# Cmon guys, what does yours look like?



## Fish Friend (Sep 10, 2005)

Ill start,
mines not the tidyest of cupboards but here it is anyway  
Lets see what yours look like!!!


----------



## Mobydock (Sep 6, 2005)

Not the tidiest? 

My one cupboard has all my foods, and a couple nets. The other one is a pile(literally) of my siphon hose, gravel vac and all the extra peices and parts of equipment that I'm not currently using(airlines, air pumps, airstones, different filters I've "rigged" together to "fine tune", heaters, dividers, plant weights, ballasts, starters, wires, etc...). Unfortunately I don't have a digi cam to show my wonderful heap of goods.


----------



## Georgia Peach (Sep 23, 2005)

mine are in a cardboard box in the closet!
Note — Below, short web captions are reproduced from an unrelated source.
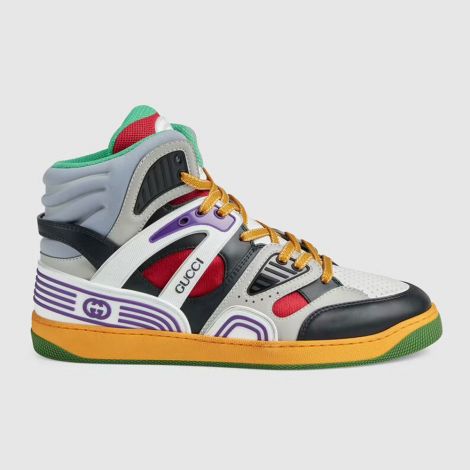 Gucci Ayakkabı Basket Turuncu - Gucci Erkek Sneakers Mens Gucci Basket Sneaker Multi Color Renkli Turuncu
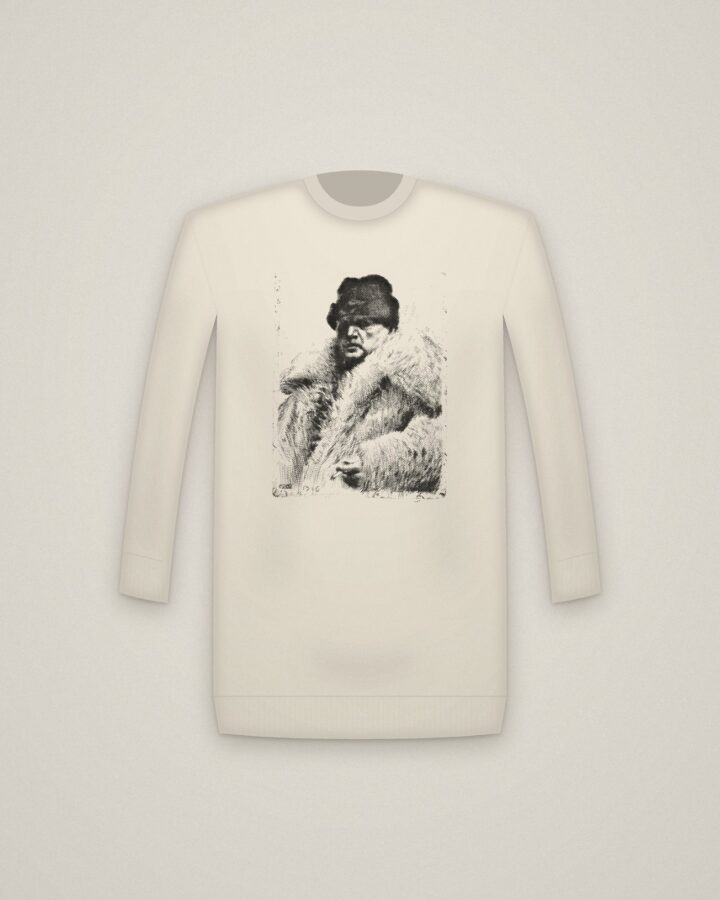 Zorn Crewneck in Natural, Self-Portrait printed in halftone
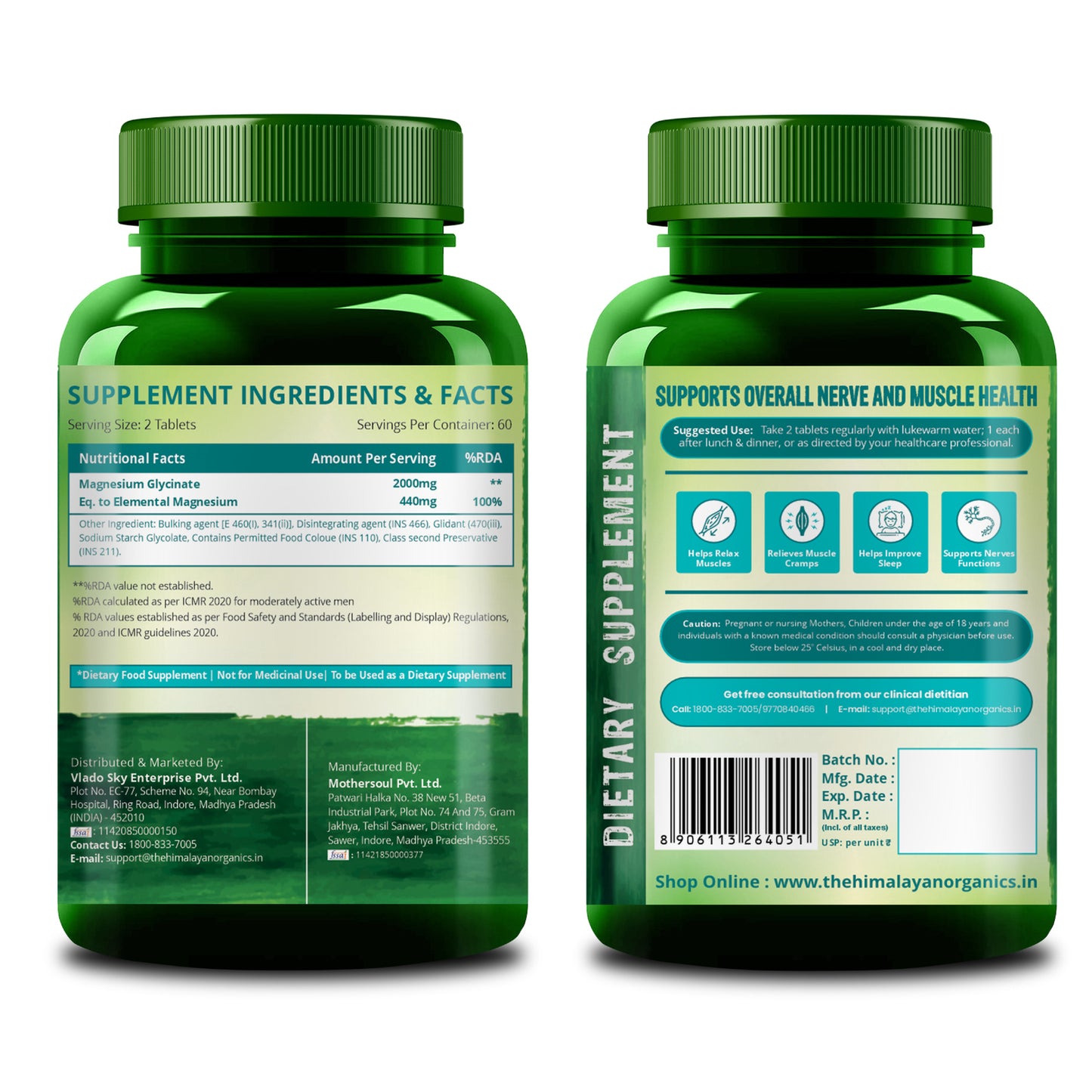 Vlado's Himalayan Organics Chelated Magnesium Glycinate | 120 Vegan Tablets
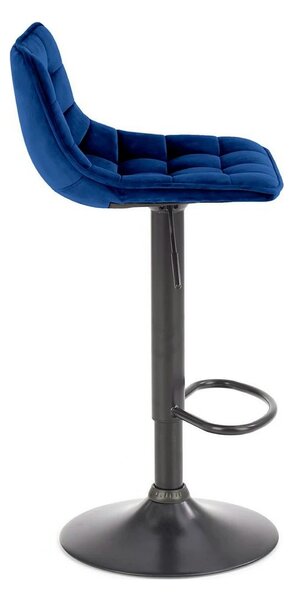Scaun bar H95, albastru/negru, stofa catifelata/otel, 43x44x84/106 cm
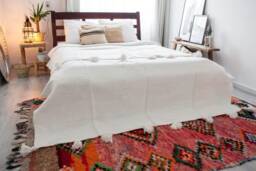 Super Soft Blanket - White Pom Blanket Handmade Moroccan Pompoms Tassels -Moroccan For Gift, New Home Gift - thumbnail 1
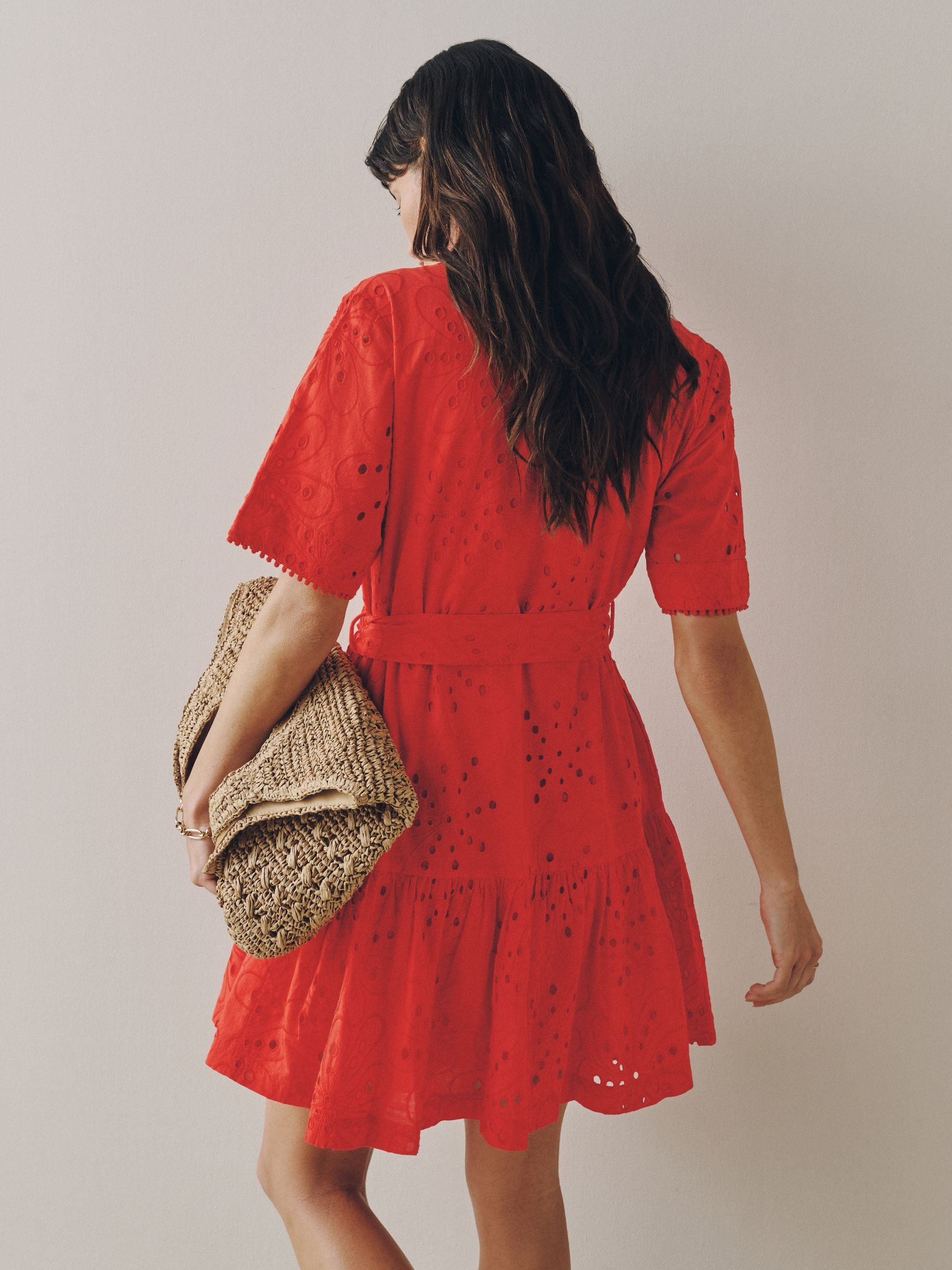 Buy Red Broderie Tie Waist Shirt Dress from Next Jordan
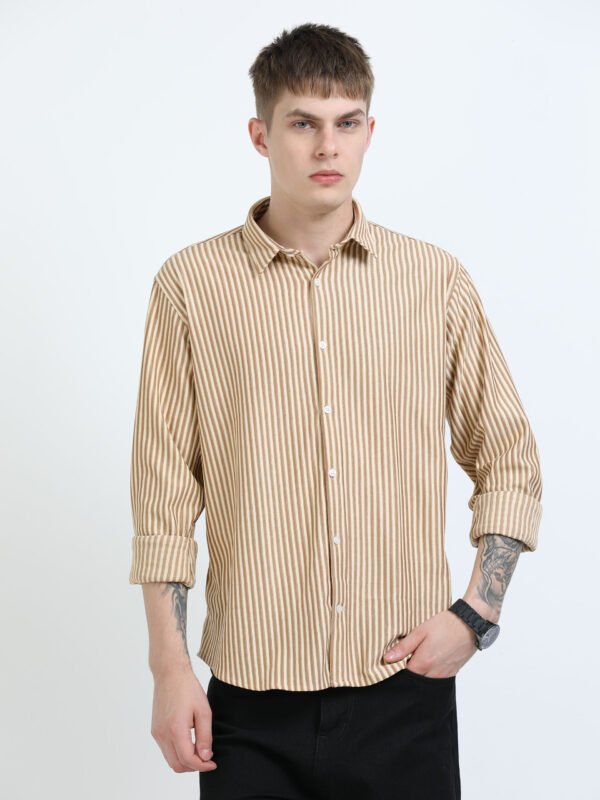 Yellow Striped Textured Semi Formal Shirt - Image 2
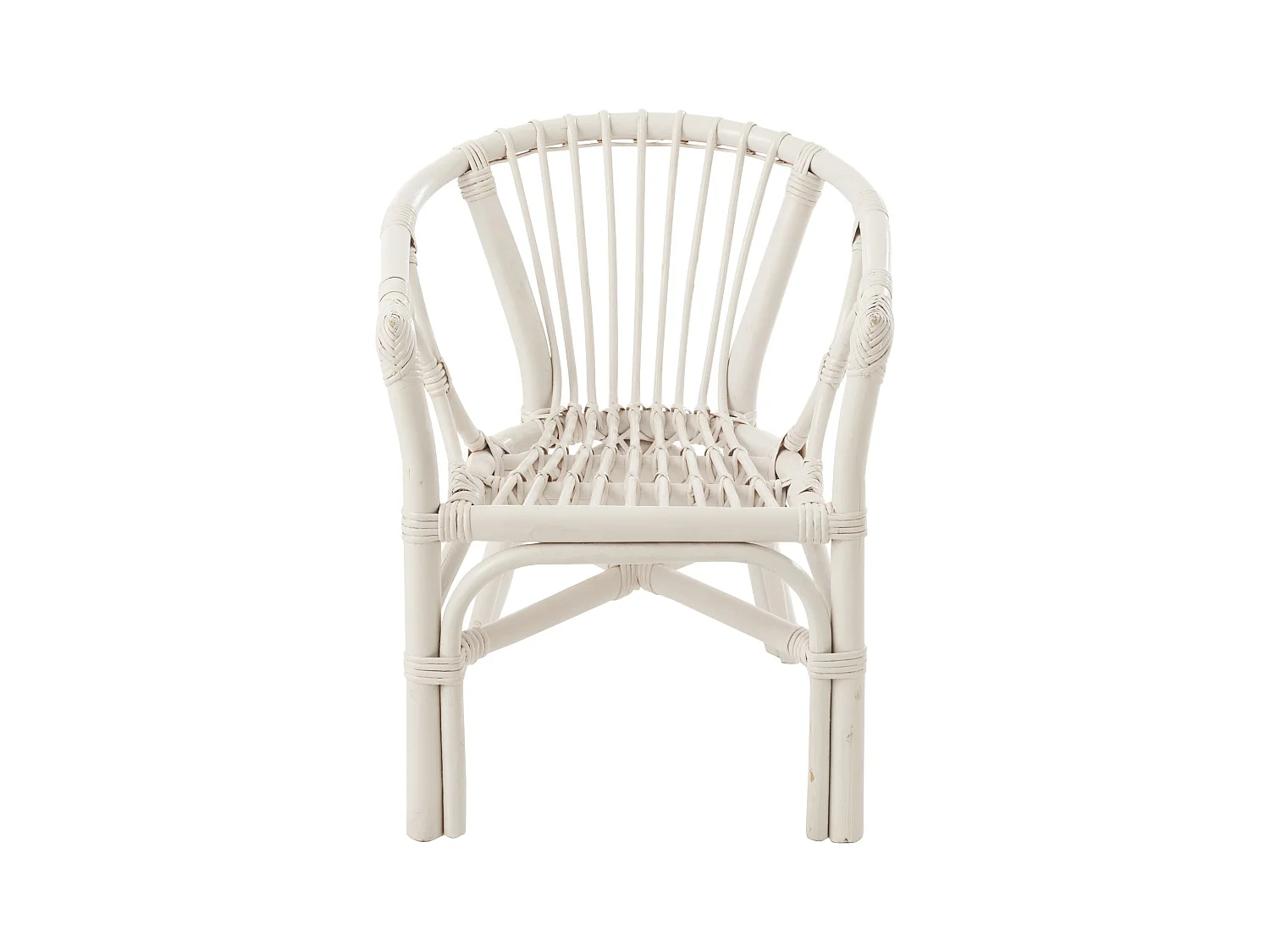 Silla infantil de ratán blanco Filon L 42 cm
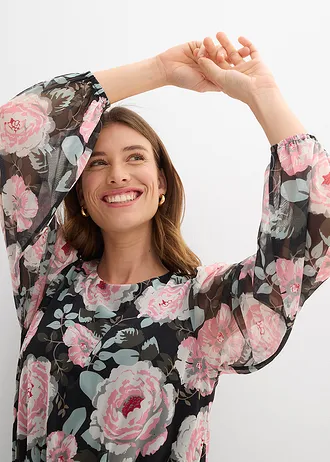 Midi jurk van zachte mesh • zwart gebloemd • bonprix online shop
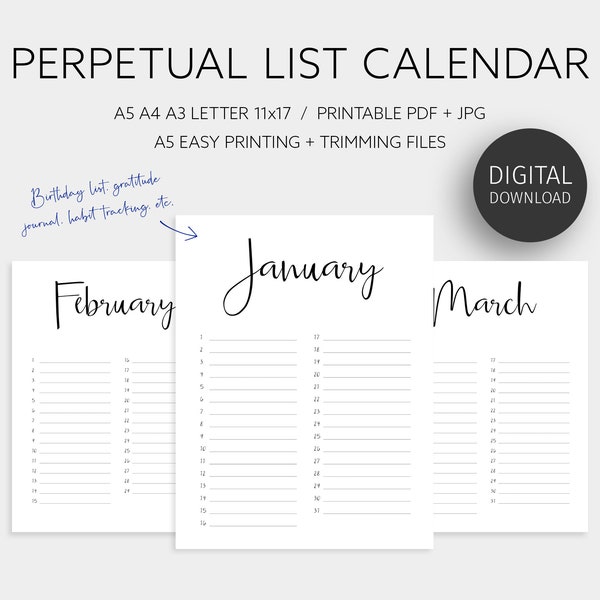 Perpetual Calendar, Printable Planner, Birthday List, Gratitude Journal, Habit Tracking, Monthly Planner, A5 A4 A3 Letter 11x17, PDF JPG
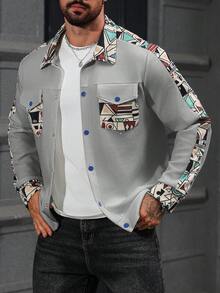 Manfinity Homme Men's Geometric Pattern Long Sleeve Single-Breasted Jacket,Grey Autumn Streetwear City Break Western Button Up Boho Shirt Men Designer Graphic Jacket - Light Grey - View 4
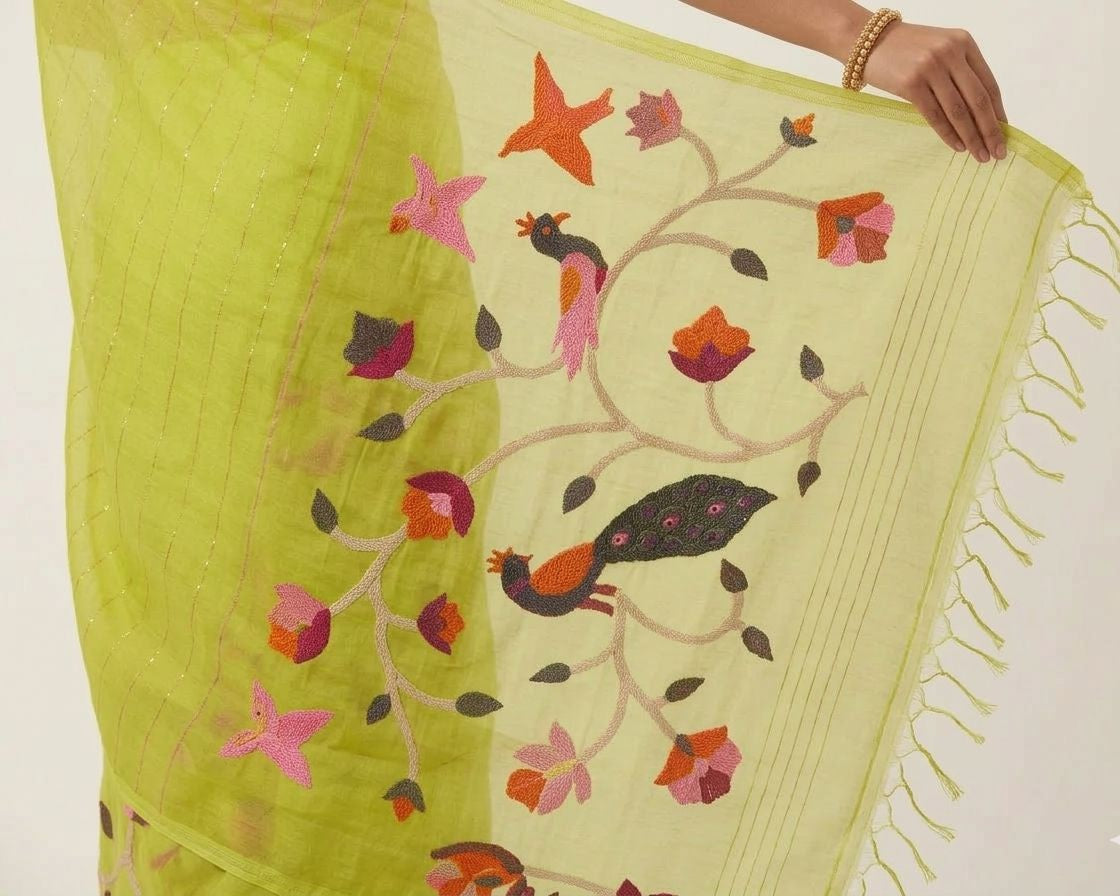 Handspun green paithani resham silk saree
LOL - Food stays on top of the tank


----------



## Chazwick (Aug 24, 2005)

I have all mine in a little drawer by the tank  
My tank isn't on a stand it's just on one of my shelves next to one of my hammie cages


----------



## Jonno (May 22, 2005)

lol, what a werid topic i'm going to have to take some pictures


----------



## Fish Friend (Sep 10, 2005)

hehehe i know its weird  i had nothing else to do..


----------



## Jonno (May 22, 2005)

lol ur's is so tidy compared to mine if i open the door it all falls out


----------



## Jonno (May 22, 2005)

Well here are some of mine i couldn't take a picture of my other cupboard because it was to dirty but here is some of mine


----------



## Fish Friend (Sep 10, 2005)

Thats tidy LOL! what tank is that btw?


----------



## Jonno (May 22, 2005)

the top one is a juwel 125 and the bottom picture is a juwel 180


----------



## Fish Friend (Sep 10, 2005)

How come you have another filter in the 180 though?


----------



## Jonno (May 22, 2005)

because i find that the built in juwel filters aren't so good with bigger fish


----------



## Fish Friend (Sep 10, 2005)

How come? lol, this is like a questionnaire


----------